From Alan Hirsch:
One of the most useful ways of reading our situation comes from a conceptual tool developed by the pioneering missiologist, Ralph Winter. The concept is that of cultural distance. This was developed to try and assess just how far a people group is from a meaningful engagement with the gospel. In order to try and discern this we have to see it on a scale that goes something like this…
Each numeral with the prefix M indicates one significant cultural barrier to the meaningful communication of the gospel. An obvious example of such a barrier would be language. If you have to reach across a language barrier, you have got a problem. But others could be race, history, religion/worldview, culture, etc.. For instance, in Islamic contexts, the gospel has struggled to make any significant inroads because religion, race, and history, make a meaningful engagement with the gospel very difficult indeed. Because of the crusades, the Christendom church seriously damaged the capacity for Muslim people to apprehend Christ. So we might put mission to Islamic people in a m3 to m4 situation (religion, history, language, race, and culture.) The same is true for the Jewish people in the West. It is very hard to ‘speak meaningfully’ in either of these situations. Granted, these are the more extreme examples we might face in our everyday lives, but it is not hard to see how all the people around us fit somewhere along this scale.

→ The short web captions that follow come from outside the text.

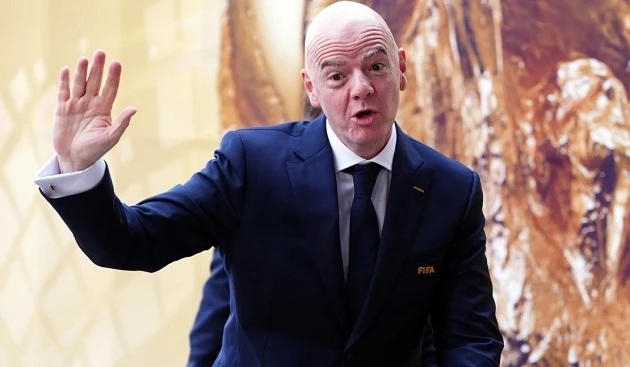UEFA họp khẩn ngăn Infantino bán cổ phần World Cup UEFA họp khẩn ngăn Infantino bán cổ phần World Cup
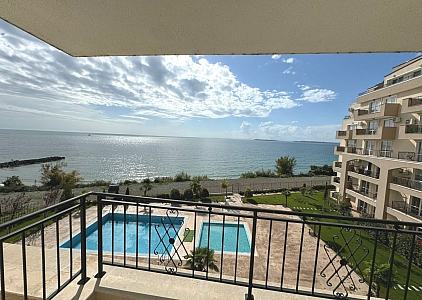 Apartment mit direktem Meerblick in erster Meereslinie. Foto 1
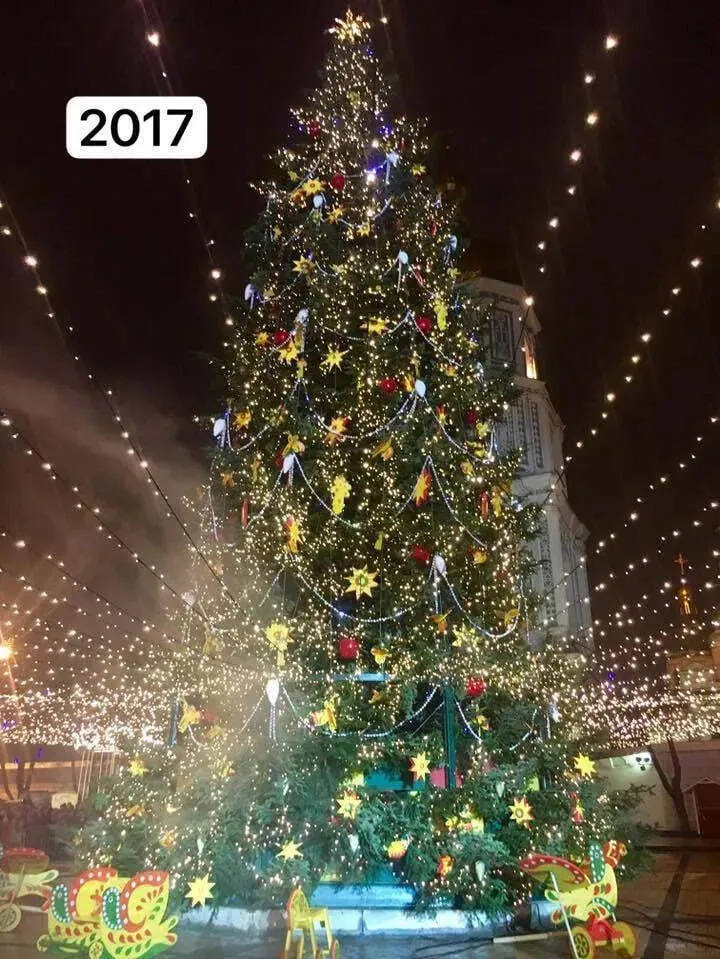 Який вигляд мала головна новорічна ялинка України у різні періоди: з 1955-го по 2024 рік. Фото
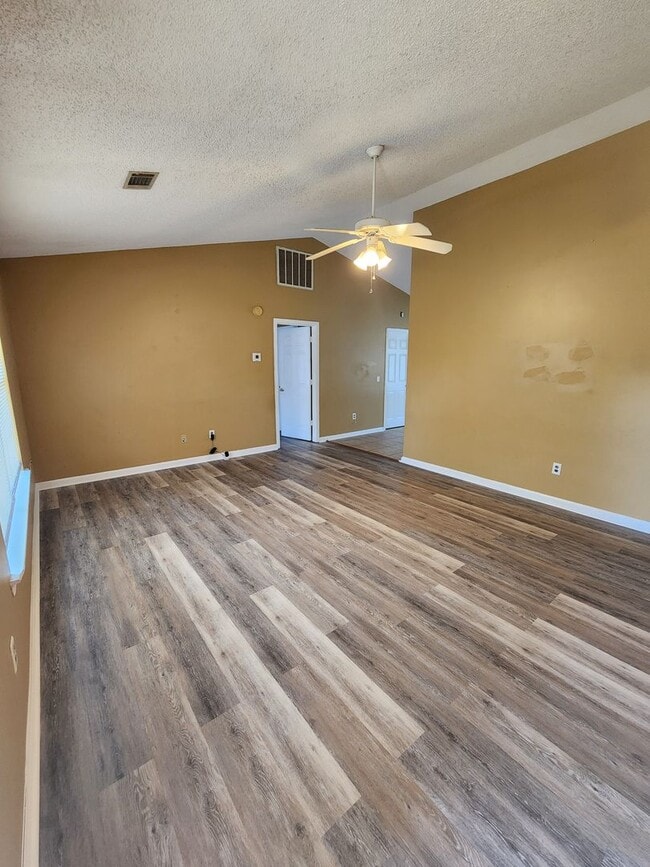 Photo - 102 Crosby Dr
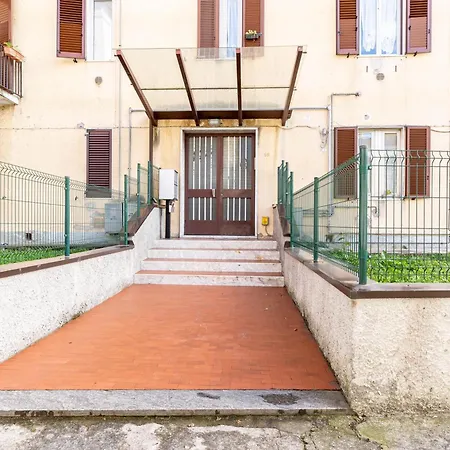 Patio & Parking - Self Check-in & Access Apartament
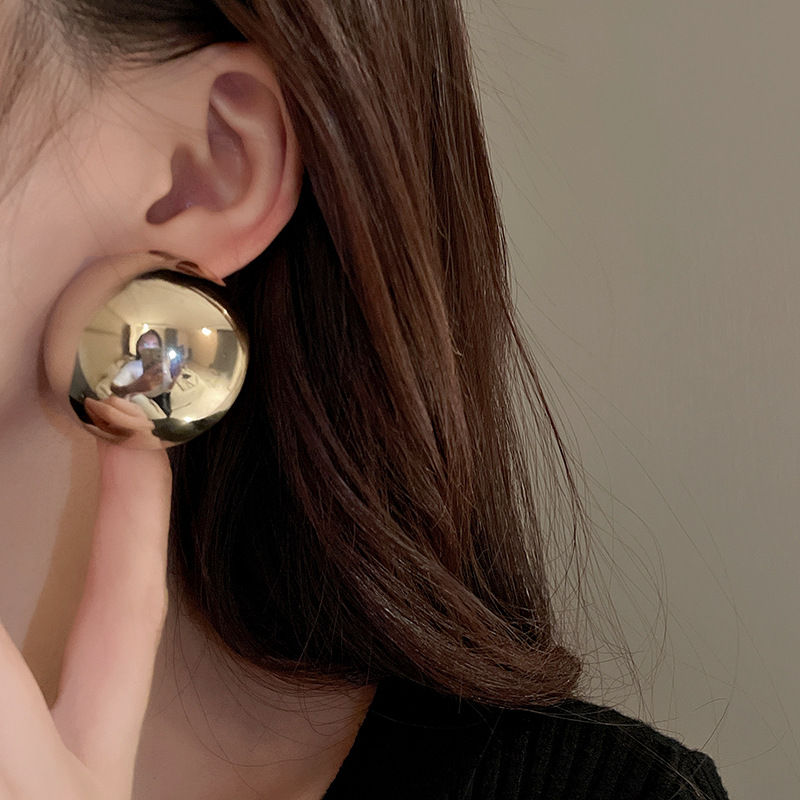 Thumbnail: Solenne Grande Dome Stud Earrings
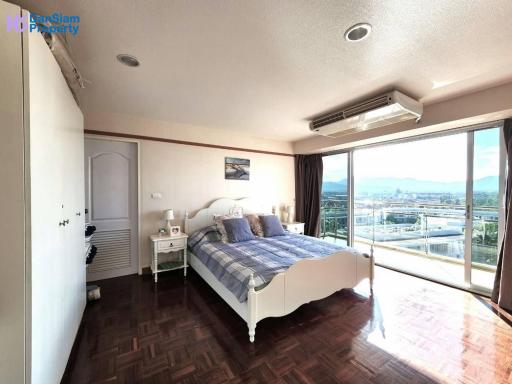 Large 2-Bedroom Seaview Condo in Hua Hin/Cha Am at Rim Had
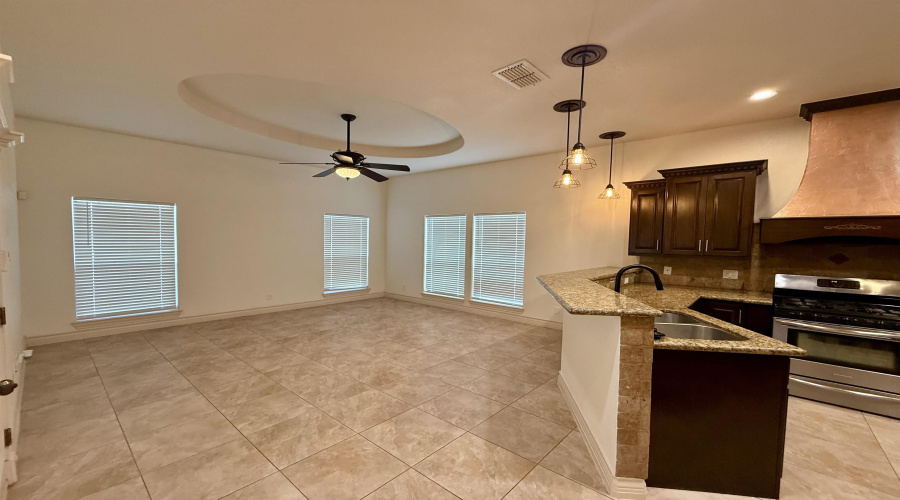 10523 Bear Creek Dr, Laredo, Texas 78045, 4 Bedrooms Bedrooms, 7 Rooms Rooms,3 BathroomsBathrooms,Residential,For Rent,10523 Bear Creek Dr,20254729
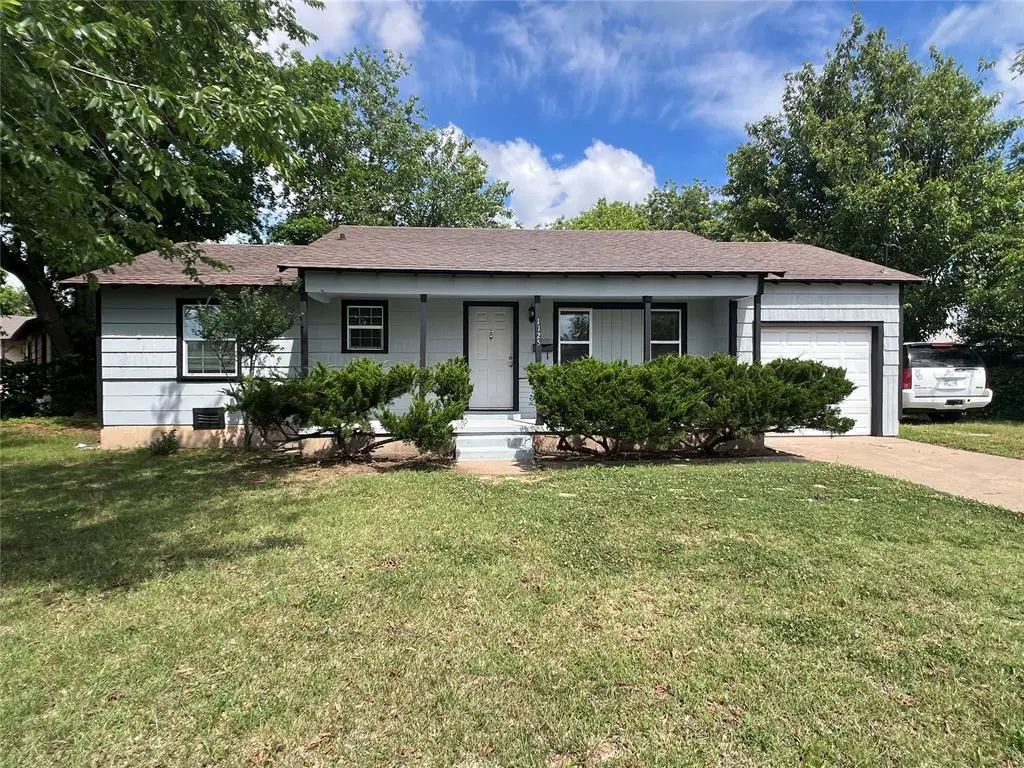 Residential Real Estate for Sale at 1125 Jasmine Lane in the city of Midwest City by MLS #1231097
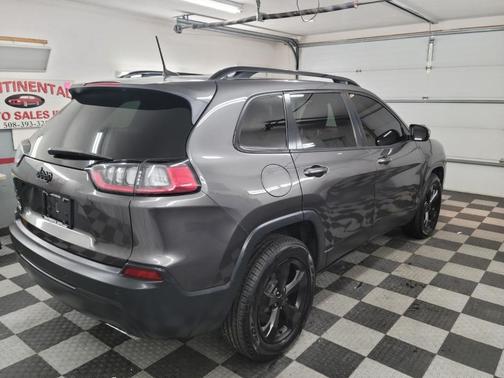 2019 Jeep Cherokee Altitude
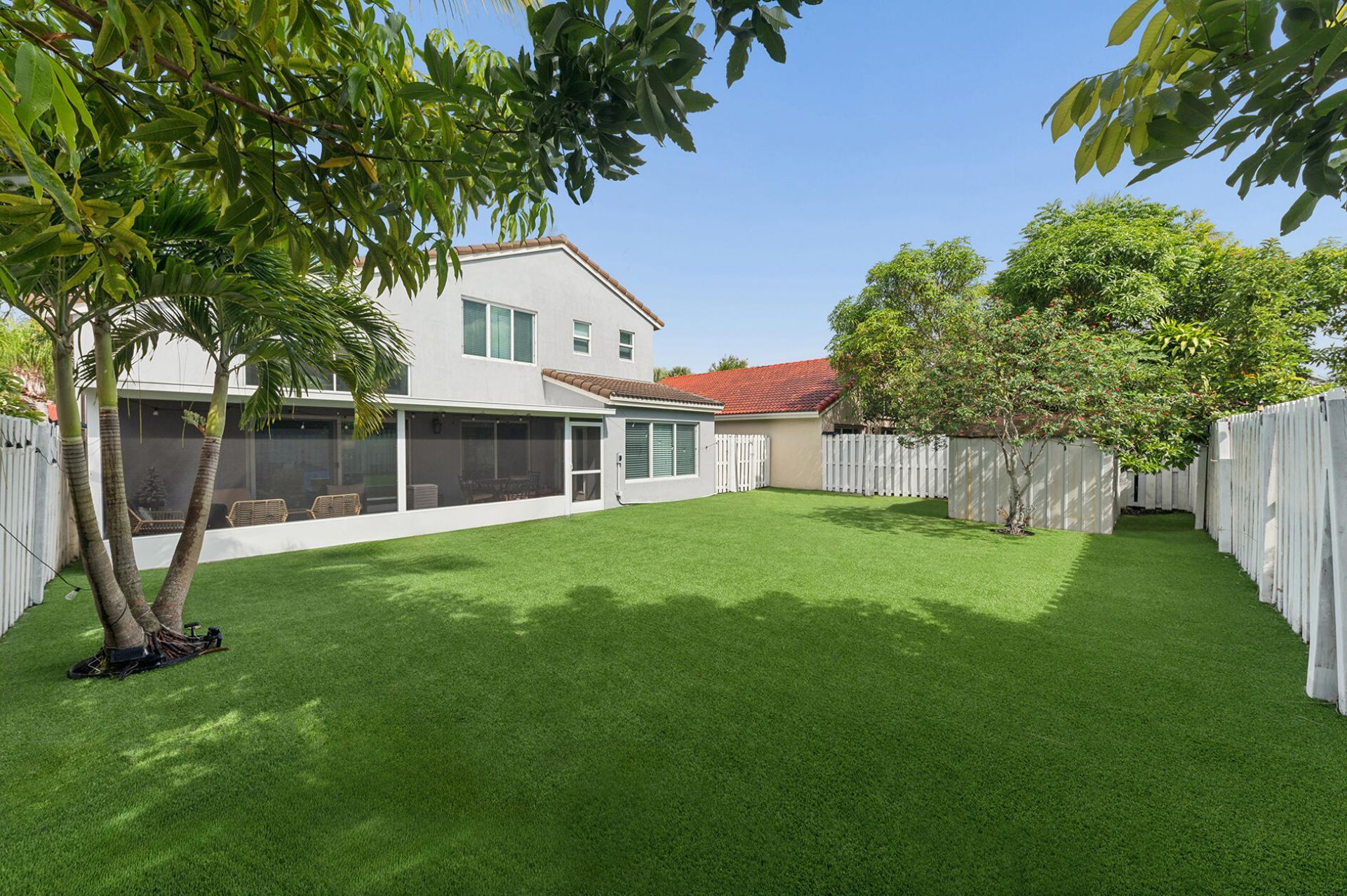 4176 Torres Circle, West Palm Beach, FL 33409 Photo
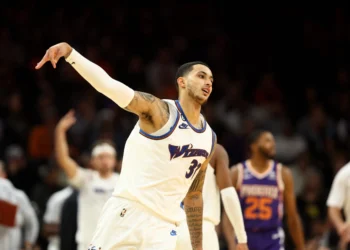 Key Points: Kyle Kuzma Scores 29, Leads Wizards Past Suns in Phoenix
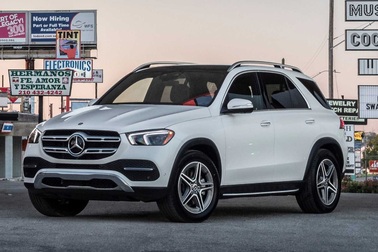 Mercedes-Benz gặp rắc rối với hệ thống khung gầm của GLE và GLS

Let me bring it closer to home: most of us can evaluate the people around us in these terms. If you see you or your church standing on the m0, here is an exercise here is how we might interpret our contexts:
- m0-m1 Those with some concept of Christianity who speak the same language, have similar interests, probably the same nationality, and are from a similar class grouping as you or your church. Most of your friends would probably fit into this bracket.
- m1–m2 Here we go to the average non-Christian in our context: A person who has little real awareness of, or interest in, Christianity but is suspicious about the church (they have heard bad things). These people might be politically correct, socially aware, and open to spirituality. This category might also include those previously offended by a bad experience of church or Christians. Just go to the average local pub/bar or nightclub to encounter these people.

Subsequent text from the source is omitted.